The present invention relates to a winding device and a flying toy ornithopter device which employs the winding device.
The present invention relates to a winding device and a flying toy ornithopter device which employs the winding device. The flying toy ornithopter comprises a hollow body which simulates the appearance of a bird, insect or flying machine. A pair of wings are provided which oscillate, the wings are powered by the stored energy of a wound rubber band. One end of the rubber band is connected to a hook mounted in the tail of the hollow body, the other end of the rubber band is mounted to a winding device mounted near the head of the hollow body. The winding device comprises a frame which has a generally oval shape and conforms to the cross-sectional of the hollow body to mount therein, a central annular bore and a pair of lugs located at the periphery of the frame to which the wings are attached; a pin projects from the frame toward the front of the hollow body for the attachment of a locking lever.

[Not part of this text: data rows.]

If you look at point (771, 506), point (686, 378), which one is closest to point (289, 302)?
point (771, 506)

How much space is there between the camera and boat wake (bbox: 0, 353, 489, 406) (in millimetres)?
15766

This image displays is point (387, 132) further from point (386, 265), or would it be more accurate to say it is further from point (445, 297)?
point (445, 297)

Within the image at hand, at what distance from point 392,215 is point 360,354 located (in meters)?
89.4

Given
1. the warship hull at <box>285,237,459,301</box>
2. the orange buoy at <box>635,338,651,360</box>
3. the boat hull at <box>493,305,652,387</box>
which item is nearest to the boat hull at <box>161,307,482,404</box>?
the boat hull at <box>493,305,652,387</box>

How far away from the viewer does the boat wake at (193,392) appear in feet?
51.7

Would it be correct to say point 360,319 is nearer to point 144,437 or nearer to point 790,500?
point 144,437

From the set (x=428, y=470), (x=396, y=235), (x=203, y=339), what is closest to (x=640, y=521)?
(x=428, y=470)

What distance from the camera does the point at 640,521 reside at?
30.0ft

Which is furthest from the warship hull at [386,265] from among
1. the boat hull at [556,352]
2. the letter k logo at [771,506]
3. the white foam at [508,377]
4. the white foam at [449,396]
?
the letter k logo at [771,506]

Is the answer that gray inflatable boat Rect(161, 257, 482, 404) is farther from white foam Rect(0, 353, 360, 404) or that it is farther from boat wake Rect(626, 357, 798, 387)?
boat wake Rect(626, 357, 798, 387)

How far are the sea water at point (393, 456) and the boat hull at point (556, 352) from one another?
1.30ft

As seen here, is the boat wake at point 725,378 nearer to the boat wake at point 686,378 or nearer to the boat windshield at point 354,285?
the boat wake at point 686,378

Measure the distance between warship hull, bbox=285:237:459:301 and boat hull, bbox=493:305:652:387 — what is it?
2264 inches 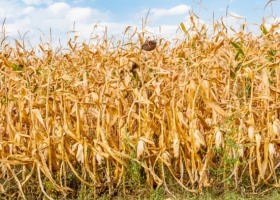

Referring now to the drawings, the flying toy ornithopter 100 comprises a hollow body 102 which simulates the appearance of a bird, insect, or the like. The flying toy ornithopter 100 includes a tail wing 103 and a pair of wings 104 which oscillate up and down to simulate the flight of a bird or insect. The wings 104 are powered by the stored energy of a wound rubber band 106. One end of the rubber band 106 is connected to a hook 108 mounted in the tail of the hollow body 102. The other end of the rubber band 106 is mounted to the winding device 10 which is mounted near the head of the hollow body 102 and is described in greater detail below.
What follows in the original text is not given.